Thursday, December 14, 2017
Thank you to the BLPB for the chance to write some for the platform. Reading the BLPB has informed my work, and it has kept me up to speed on breaking developments. For readers that don't know me, I'm at the University of Nevada, Las Vegas. My teaching and scholarship focus on business, securities, and professional responsibility issues.
On that note, the Financial Industry Regulatory Authority (FINRA) now considers a live securities and professional responsibility issue. It has a request for comment out about whether non-attorney representatives (NARS) should continue to represent persons in FINRA's arbitration forum. States approach unauthorized practice in different ways. Florida has vigorously policed the unauthorized practice of law. New York, on the other hand, has allowed NARS to represent persons in arbitration.
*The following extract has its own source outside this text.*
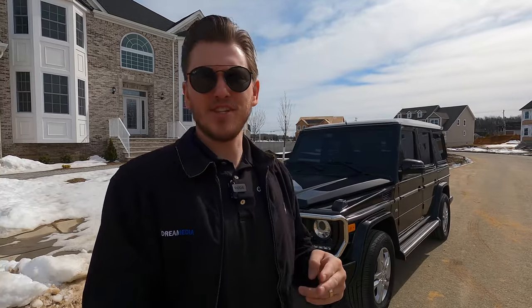What is up YouTube? This is Zach with Dream Media Home Theater and today I am out here in Monroe. We are hanging out in New Jersey highlighting tons of really cool projects for you guys. If you aren't subscribed to the channel already, make sure you smash that subscribe button down below and give me a big thumbs up.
There may be good reason to be concerned about representation quality from non-attorney advocates. The New York Times covered the issue in 2010, profiling Stock Market Recovery Consultants, an outfit that represents investors in securities arbitration. The Times pointed out that one of the firm's principals "pleaded guilty in 2004 to insurance fraud in a million-dollar scam involving jewelry." Another one of the firm's principals suggested that the Times speak with an attorney that had represented a defendant against them:
Mr. Lapin offered a lawyer who has opposed him on several cases — Michael Schwartzberg of Winget, Spadafora & Schwartzberg — to vouch for his performance. He vouched thusly: “Dealing with Mr. Lapin and his operation is one of the most frustrating experiences I’ve ever dealt with.” Mr. Schwartzberg said the claims that Stock Market Recovery Consultants files — before it has fully investigated the case, and using passages cut and pasted from previous claims — sometimes don’t even get the client’s name right. When it comes to settling, he added, “It’s like hondling at a flea market with these guys: ‘I got these shirts 3 for 10, but for you, 3 for 5.’ ”
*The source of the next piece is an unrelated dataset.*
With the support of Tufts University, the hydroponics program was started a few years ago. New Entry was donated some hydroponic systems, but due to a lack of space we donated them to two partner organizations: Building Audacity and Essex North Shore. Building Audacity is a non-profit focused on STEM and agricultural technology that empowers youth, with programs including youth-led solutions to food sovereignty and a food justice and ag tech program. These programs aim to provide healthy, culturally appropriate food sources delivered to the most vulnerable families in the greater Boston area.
FINRA has begun to post comments that it has received. One arbitrator reports that "experiences with NARS have, without exception, been negative: NARs have been discourteous to everyone and made numerous baseless objections and irrelevant arguments, resulting in unnecessarily long and unpleasant hearings." Perhaps shedding light on NARS's practice quality and attention to detail, an oddly-formatted letter takes the opposite position and contends that "[w]hen we restrict, FINRA or State or other, the rights to an effective ADR process in which would impede the intended purpose; we spit in the face of SCOTUS and the American people." Another arbitrator and commentator memorably relates his experience encountering a claim that was "heavy on legal jargon" and "significantly short of the factual allegations needed to state a claim." The arbitrator assumed the pleading had "been prepared by a singularly incompetent lawyer." When he discovered it was a NAR, he reached out to the state bar.
For those interested, the FINRA comment period closes on December 18th.
Sometimes, it can be difficult to distinguish between consumer protection and protectionism for attorneys. To be sure, booting NARS out of the forum will mean that attorneys get more cases. It should only be done if NARS have not delivered competent representation.